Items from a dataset
......

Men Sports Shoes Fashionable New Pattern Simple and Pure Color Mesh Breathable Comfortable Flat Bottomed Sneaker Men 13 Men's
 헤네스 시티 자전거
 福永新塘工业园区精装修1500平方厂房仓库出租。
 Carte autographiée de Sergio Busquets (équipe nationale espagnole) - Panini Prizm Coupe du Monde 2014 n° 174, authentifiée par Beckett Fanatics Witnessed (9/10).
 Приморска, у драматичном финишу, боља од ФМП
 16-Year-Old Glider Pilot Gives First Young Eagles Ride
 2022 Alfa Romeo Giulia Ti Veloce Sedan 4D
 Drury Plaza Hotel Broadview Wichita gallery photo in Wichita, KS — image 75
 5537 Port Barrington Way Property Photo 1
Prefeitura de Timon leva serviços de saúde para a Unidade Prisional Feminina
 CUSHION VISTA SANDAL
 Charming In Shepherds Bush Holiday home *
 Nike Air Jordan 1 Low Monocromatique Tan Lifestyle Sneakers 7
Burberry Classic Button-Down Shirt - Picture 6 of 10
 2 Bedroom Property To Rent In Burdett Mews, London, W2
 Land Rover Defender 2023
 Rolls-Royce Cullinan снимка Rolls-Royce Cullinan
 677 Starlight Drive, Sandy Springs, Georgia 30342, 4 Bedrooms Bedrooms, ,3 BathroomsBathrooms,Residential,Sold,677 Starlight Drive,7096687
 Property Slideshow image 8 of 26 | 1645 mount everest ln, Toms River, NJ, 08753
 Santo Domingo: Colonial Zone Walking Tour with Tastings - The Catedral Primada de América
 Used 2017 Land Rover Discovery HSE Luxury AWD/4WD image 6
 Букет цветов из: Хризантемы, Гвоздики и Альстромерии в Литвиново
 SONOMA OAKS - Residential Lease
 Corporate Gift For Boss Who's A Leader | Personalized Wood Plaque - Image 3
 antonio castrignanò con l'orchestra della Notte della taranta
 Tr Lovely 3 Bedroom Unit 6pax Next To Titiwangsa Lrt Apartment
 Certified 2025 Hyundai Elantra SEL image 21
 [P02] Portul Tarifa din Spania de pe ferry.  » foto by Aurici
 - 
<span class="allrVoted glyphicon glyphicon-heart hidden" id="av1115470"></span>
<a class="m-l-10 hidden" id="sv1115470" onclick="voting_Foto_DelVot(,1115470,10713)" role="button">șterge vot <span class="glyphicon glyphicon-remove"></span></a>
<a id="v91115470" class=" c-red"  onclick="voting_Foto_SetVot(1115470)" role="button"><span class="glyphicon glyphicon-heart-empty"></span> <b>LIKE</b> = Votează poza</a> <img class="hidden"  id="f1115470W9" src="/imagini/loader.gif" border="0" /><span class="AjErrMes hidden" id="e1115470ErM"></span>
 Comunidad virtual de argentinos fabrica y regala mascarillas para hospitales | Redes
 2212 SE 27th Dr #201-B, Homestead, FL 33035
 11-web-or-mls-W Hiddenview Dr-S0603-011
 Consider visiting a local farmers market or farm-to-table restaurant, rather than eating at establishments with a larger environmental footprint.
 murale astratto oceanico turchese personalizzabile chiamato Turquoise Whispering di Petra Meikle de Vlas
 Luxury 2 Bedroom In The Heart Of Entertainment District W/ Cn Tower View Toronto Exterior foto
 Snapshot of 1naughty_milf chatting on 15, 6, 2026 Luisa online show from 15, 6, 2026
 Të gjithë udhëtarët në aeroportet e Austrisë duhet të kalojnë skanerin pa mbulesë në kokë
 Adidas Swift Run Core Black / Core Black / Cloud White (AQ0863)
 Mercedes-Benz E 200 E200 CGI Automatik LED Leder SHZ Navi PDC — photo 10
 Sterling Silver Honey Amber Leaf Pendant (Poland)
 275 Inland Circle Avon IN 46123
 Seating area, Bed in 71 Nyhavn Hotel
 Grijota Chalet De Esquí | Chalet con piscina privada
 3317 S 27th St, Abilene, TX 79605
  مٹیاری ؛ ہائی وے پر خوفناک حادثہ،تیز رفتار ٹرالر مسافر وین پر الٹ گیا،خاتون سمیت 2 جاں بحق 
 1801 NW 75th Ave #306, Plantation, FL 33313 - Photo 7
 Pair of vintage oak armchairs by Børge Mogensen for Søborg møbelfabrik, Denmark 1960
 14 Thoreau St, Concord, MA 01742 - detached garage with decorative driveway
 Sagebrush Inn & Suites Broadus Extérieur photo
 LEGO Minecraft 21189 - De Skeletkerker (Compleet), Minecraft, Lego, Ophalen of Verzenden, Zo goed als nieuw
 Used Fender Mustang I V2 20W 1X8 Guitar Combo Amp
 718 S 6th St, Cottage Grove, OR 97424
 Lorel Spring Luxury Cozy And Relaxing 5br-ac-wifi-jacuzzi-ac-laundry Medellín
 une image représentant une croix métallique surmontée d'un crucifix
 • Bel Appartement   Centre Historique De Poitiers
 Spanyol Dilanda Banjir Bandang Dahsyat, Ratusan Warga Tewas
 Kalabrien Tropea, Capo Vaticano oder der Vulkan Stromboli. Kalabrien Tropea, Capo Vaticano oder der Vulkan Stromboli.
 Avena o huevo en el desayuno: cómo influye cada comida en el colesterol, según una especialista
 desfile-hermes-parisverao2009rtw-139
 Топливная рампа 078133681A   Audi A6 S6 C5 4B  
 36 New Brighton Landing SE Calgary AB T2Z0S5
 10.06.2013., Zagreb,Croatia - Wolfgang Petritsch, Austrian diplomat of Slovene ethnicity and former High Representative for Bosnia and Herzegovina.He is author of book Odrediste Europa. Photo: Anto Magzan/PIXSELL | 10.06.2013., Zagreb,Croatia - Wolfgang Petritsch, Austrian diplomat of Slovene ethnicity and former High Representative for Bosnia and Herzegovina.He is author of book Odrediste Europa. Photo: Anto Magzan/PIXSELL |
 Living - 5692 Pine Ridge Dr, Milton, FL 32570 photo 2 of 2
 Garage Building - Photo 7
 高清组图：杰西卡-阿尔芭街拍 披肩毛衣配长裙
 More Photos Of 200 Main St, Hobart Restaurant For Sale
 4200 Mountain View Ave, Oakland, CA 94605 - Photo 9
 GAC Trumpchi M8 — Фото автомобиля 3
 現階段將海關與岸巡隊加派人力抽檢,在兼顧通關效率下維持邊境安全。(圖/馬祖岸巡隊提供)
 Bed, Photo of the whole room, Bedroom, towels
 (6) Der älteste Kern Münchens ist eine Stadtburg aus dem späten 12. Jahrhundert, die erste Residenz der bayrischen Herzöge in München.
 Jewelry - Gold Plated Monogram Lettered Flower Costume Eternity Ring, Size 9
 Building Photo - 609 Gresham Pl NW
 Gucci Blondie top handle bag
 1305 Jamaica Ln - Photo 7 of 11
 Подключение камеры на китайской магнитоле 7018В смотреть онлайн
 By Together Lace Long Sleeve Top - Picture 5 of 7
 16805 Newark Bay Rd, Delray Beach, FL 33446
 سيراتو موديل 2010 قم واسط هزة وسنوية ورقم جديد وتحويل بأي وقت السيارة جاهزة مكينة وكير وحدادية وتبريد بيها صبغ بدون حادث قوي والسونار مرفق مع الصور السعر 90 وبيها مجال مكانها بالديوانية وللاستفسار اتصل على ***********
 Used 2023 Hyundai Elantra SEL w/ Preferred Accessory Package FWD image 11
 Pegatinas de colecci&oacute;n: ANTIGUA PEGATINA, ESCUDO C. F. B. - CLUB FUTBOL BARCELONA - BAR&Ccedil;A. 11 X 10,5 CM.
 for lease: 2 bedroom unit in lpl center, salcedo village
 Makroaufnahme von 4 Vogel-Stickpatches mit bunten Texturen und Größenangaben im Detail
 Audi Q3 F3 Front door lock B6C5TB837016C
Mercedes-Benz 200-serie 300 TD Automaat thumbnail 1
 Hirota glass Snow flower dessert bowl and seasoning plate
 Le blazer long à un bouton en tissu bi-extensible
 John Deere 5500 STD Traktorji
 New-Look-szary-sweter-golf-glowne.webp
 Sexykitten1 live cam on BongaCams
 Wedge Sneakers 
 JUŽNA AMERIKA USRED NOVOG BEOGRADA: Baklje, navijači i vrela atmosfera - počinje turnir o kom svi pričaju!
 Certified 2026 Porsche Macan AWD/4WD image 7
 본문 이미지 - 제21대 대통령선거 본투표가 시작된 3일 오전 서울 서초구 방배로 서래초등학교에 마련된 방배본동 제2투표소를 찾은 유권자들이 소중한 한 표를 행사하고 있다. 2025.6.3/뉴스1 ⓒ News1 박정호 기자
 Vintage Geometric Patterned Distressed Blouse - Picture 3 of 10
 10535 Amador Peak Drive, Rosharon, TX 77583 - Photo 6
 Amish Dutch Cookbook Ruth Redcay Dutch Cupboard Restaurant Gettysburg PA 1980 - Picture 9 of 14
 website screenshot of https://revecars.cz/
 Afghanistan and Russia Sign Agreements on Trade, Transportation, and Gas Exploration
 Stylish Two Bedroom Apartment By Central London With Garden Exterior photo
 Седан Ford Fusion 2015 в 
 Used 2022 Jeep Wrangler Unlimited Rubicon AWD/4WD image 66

......

• [Exercise objective]: Reproduce the lines above, beginning at the line with "16805 Newark Bay Rd, Delray Beach, FL 33446" and stopping after the line with "10535 Amador Peak", exactly as they are.

• [Exercise solution]:
 16805 Newark Bay Rd, Delray Beach, FL 33446
 سيراتو موديل 2010 قم واسط هزة وسنوية ورقم جديد وتحويل بأي وقت السيارة جاهزة مكينة وكير وحدادية وتبريد بيها صبغ بدون حادث قوي والسونار مرفق مع الصور السعر 90 وبيها مجال مكانها بالديوانية وللاستفسار اتصل على ***********
 Used 2023 Hyundai Elantra SEL w/ Preferred Accessory Package FWD image 11
 Pegatinas de colecci&oacute;n: ANTIGUA PEGATINA, ESCUDO C. F. B. - CLUB FUTBOL BARCELONA - BAR&Ccedil;A. 11 X 10,5 CM.
 for lease: 2 bedroom unit in lpl center, salcedo village
 Makroaufnahme von 4 Vogel-Stickpatches mit bunten Texturen und Größenangaben im Detail
 Audi Q3 F3 Front door lock B6C5TB837016C
Mercedes-Benz 200-serie 300 TD Automaat thumbnail 1
 Hirota glass Snow flower dessert bowl and seasoning plate
 Le blazer long à un bouton en tissu bi-extensible
 John Deere 5500 STD Traktorji
 New-Look-szary-sweter-golf-glowne.webp
 Sexykitten1 live cam on BongaCams
 Wedge Sneakers 
 JUŽNA AMERIKA USRED NOVOG BEOGRADA: Baklje, navijači i vrela atmosfera - počinje turnir o kom svi pričaju!
 Certified 2026 Porsche Macan AWD/4WD image 7
 본문 이미지 - 제21대 대통령선거 본투표가 시작된 3일 오전 서울 서초구 방배로 서래초등학교에 마련된 방배본동 제2투표소를 찾은 유권자들이 소중한 한 표를 행사하고 있다. 2025.6.3/뉴스1 ⓒ News1 박정호 기자
 Vintage Geometric Patterned Distressed Blouse - Picture 3 of 10
 10535 Amador Peak Drive, Rosharon, TX 77583 - Photo 6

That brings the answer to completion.